Wolpi can either start its HTTP server normally or run one of a small set of operational subcommands.

This page documents the built-in CLI surface that is useful for operators and anyone developing or debugging extensions.

Invocation

Typical invocations look like:

$ java -jar wolpi.jar --config=/path/to/wolpi.yml <subcommand>

or, in the official container image:

$ wolpi <subcommand>

If you do not pass a subcommand, Wolpi performs its normal application startup and serves HTTP requests.

Running CLI subcommands in the container

When you run a subcommand in the official container image, all paths are resolved inside the container filesystem, not on the host.

That means:

  • the configuration file must be mounted into the container
  • any local extension path passed to validate must exist inside the container
  • if validate needs to observe local changes, the extension directory must be mounted, not just copied into the image

For the simplest setup, mount your wolpi.yml and local extension into the container at the same paths you use on the host. That keeps command lines, logs, and debugger configuration aligned between local and container-based workflows.

Example:

$ docker run --rm \
  -v "$(pwd)/wolpi.yml:$(pwd)/wolpi.yml" \
  -v "$(pwd)/my-extension:$(pwd)/my-extension" \
  ghcr.io/dbmdz/wolpi:latest \
  --config="$(pwd)/wolpi.yml" validate "$(pwd)/my-extension"

Configuration loading

CLI subcommands still load the normal Wolpi configuration.

By default, Wolpi looks for wolpi.yml or wolpi.yaml in the current working directory.

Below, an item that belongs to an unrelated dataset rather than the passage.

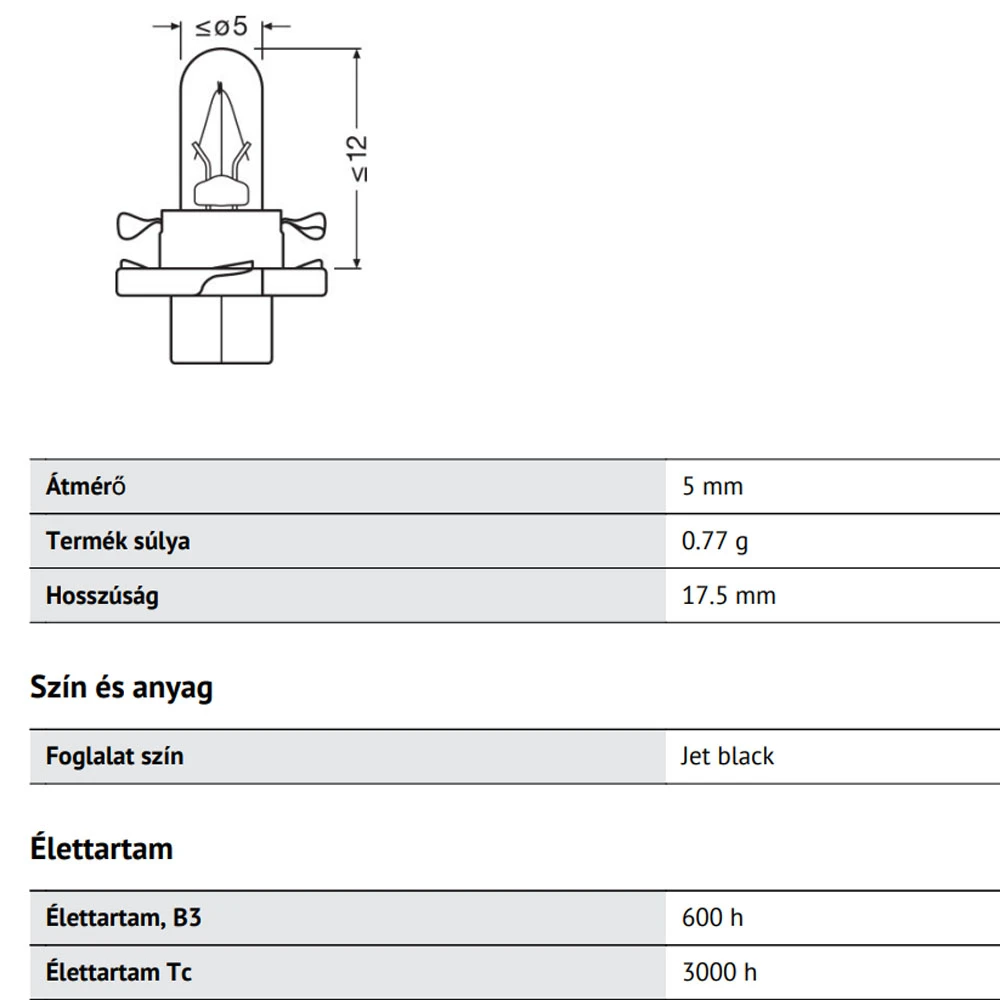Izzó műszerfalba 12V/1,2W BX8,4D, 1.5mm PCB Osram 2351MFX6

To point at a different configuration file, use:

  • --config=/path/to/wolpi.yml
  • or WOLPI_CONFIG=/path/to/wolpi.yml

Commands overview

validate

Validates a local extension against Wolpi's IIIF Image API validation workflow.

Synopsis:

$ java -jar wolpi.jar --config=/path/to/wolpi.yml validate <extension-path>

Options:

  • -w, --watch: watch the extension file or directory and re-run validation on changes

Use this when:

  • developing a local extension
  • checking whether a local extension still conforms after changes
  • running an edit-validate loop during extension development

Notes:

  • validate expects a local file or directory path
  • Wolpi starts its embedded server as part of the validation workflow
  • in watch mode, local package live reload has extra prerequisites, please refer to the extension development documentation for details.

Examples:

$ java -jar wolpi.jar validate ./my-extension
$ java -jar wolpi.jar validate --watch ./my-extension

install-extensions

Installs and verifies the extensions declared in the active configuration, then exits.

Synopsis:

$ java -jar wolpi.jar --config=/path/to/wolpi.yml install-extensions

Use this when you want to:

  • pre-install package-based extensions before first service start
  • bake extensions into a container image
  • fail early in CI or image builds if extension installation or validation breaks

This is usually the most useful operational subcommand for deployments that use extensions, see the corresponding How-To guide for a practical example of how this subcommand fits into a container-based deployment.